Women shine in padded show
Reporter: Paul Genty
Date published: 28 January 2010
MULAN — Chinese State Circus, Lowry, Salford
YOU will probably know the Disney animated movie of the girl who became one of the Emperor of China’s great warriors without ever letting on she was a woman.
If this show is anything to go by, you almost wish she had revealed her secret. For a couple of thousand years later, no one would be trying to shoehorn average circus acts into a poorly-told tale the movie does a lot better.
British circus entrepreneur Philip Gandey has been touring his Chinese State Circus for several years, and a similar martial arts show under the heading of the Shaolin Warriors.

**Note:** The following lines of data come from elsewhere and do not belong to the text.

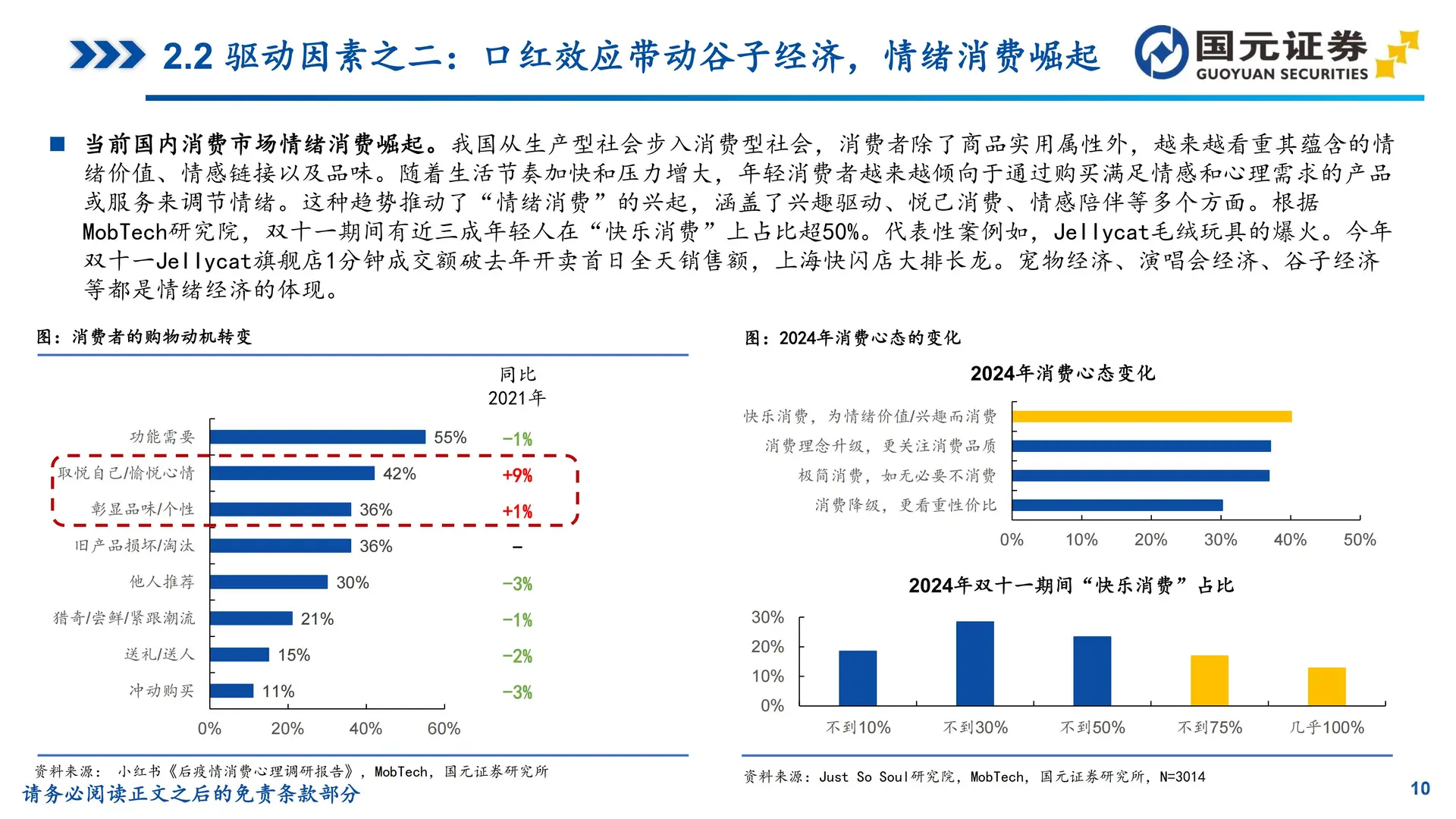 📚IP 衍生品行业研究之谷子经济研究报告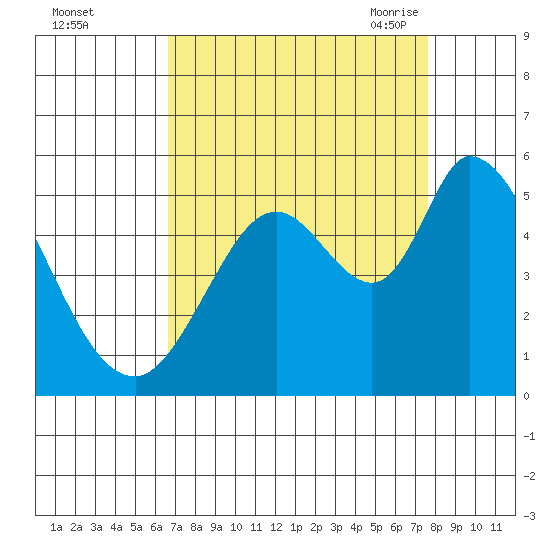 Hog Island tide chart for Tuesday, September 2, 2025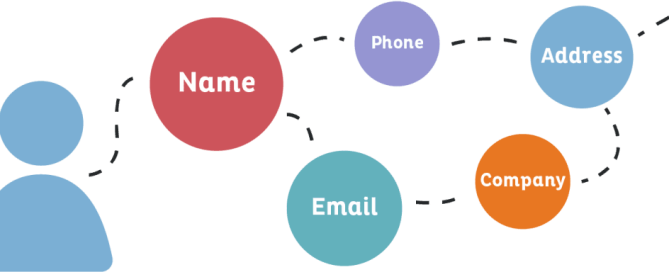 Gdpr Personaldata 1030X384 1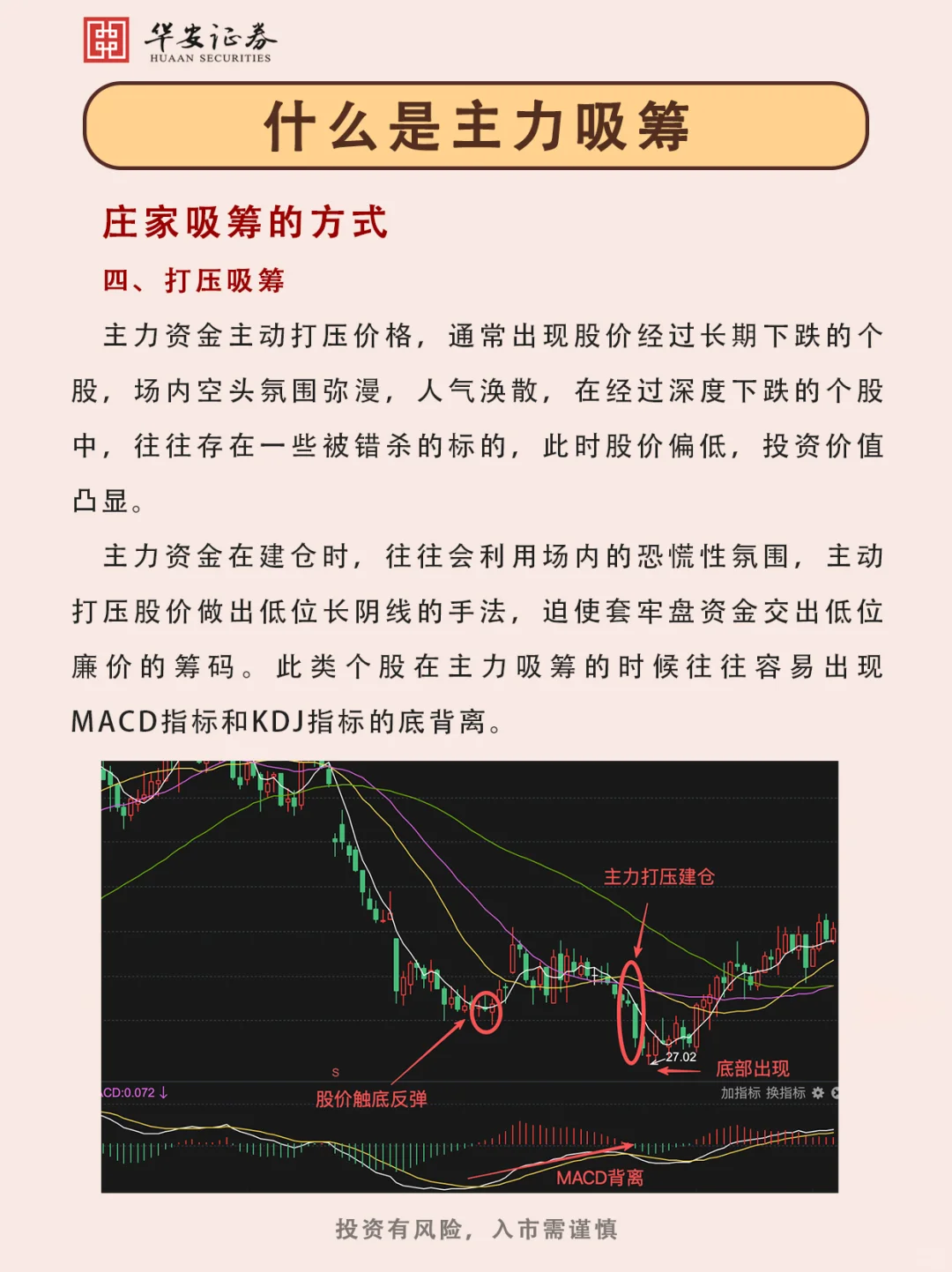 什么是主力吸筹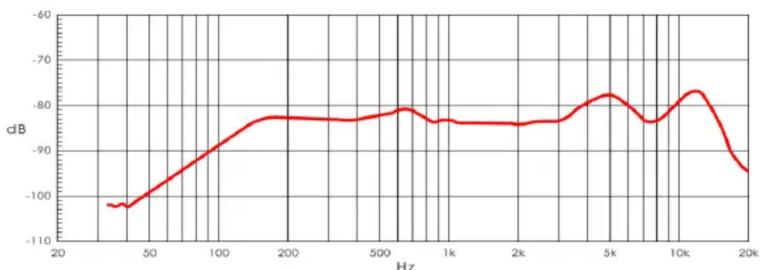 DAP-Audio PL-07 - 10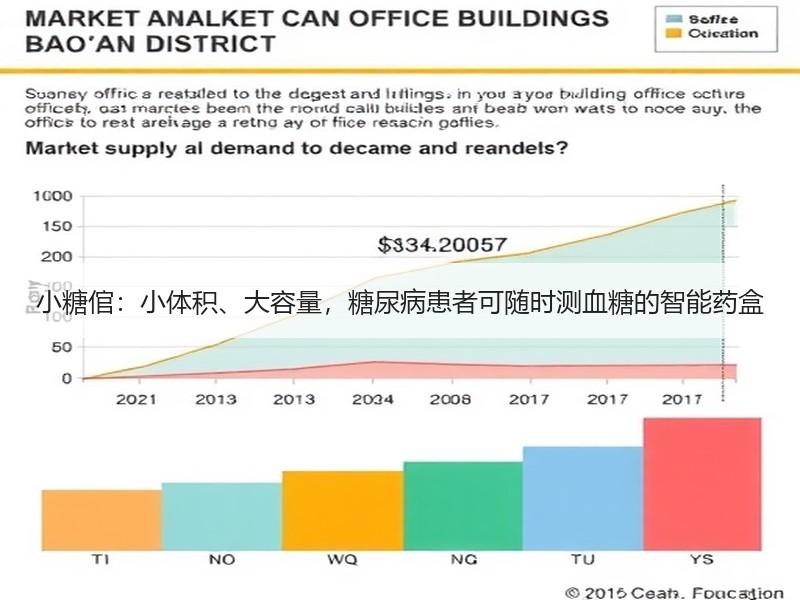 小糖倌：小体积、大容量，糖尿病患者可随时测血糖的智能药盒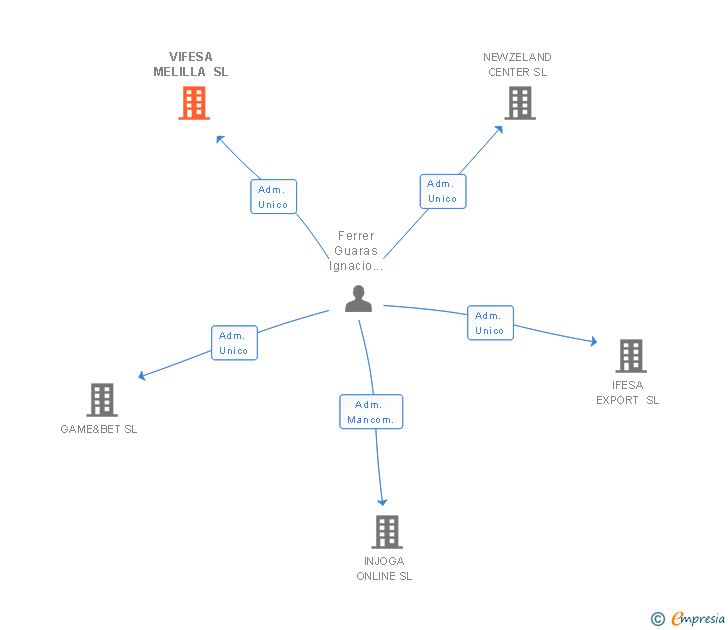 Vinculaciones societarias de VIFESA MELILLA SL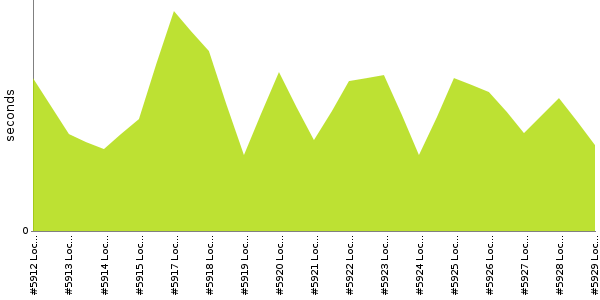 [Duration graph]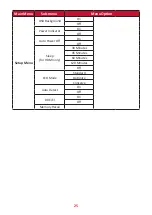 Предварительный просмотр 25 страницы ViewSonic VA2209-h User Manual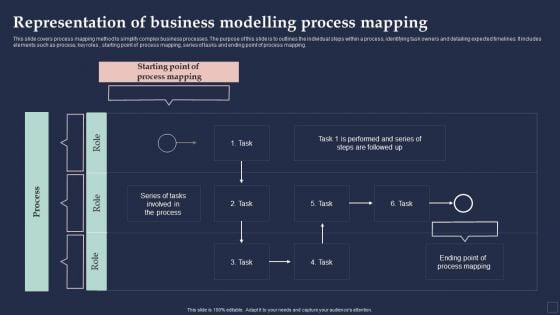 BPM System Methodology Representation Of Business Modelling Process Mapping Brochure PDF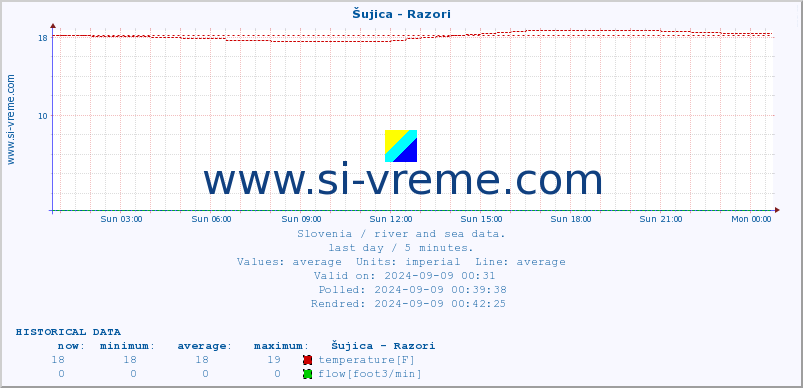  :: Šujica - Razori :: temperature | flow | height :: last day / 5 minutes.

Here he brings the two together neither terribly well nor successfully, and the result is pretty tedious. There’s a good hour bumped to two, courtesy of huge expanses of time wasted watching martial arts artists getting themselves psyched up. This seems to consist of waving their arms about and contorting a lot.
Indeed of the half-dozen “incredible Shaolin Warriors”, only one does anything of note; the rest posture and gyrate menacingly, but don’t actually do much.
The one worker — I hope he’s getting paid more — supports himself on a dodgy-looking spear on his abdomen; is supported by four more, sharper-looking spears on thighs and shoulders, then bends a couple of admittedly rather limp-shafted spears with the points against his throat.
Among the rest are a passable parallel-poles routine, some nice flying acrobats, a mediocre bowmen routine and the usual clever, highly-acrobatic tumblers.
The lows include the excruciating narrated interjections of a Monkey King character and Pig, a traditional Chinese figure so traditional this one is done up as a New York taxi driver. Because he’s zany. This pair keep dragging us back to the boring Mullein story when the acts alone, even these acts, would be far more interesting.
But in this show as in the story, the women come off best. The most heroic act of the night is the female unicyclists, controlling their 6ft-high machines with one foot while the other flings pie tins for themselves or the rest of the group to catch on their head. It has control, amazing skills and genuine watchability.
You can’t really say that about much of the rest of the evening.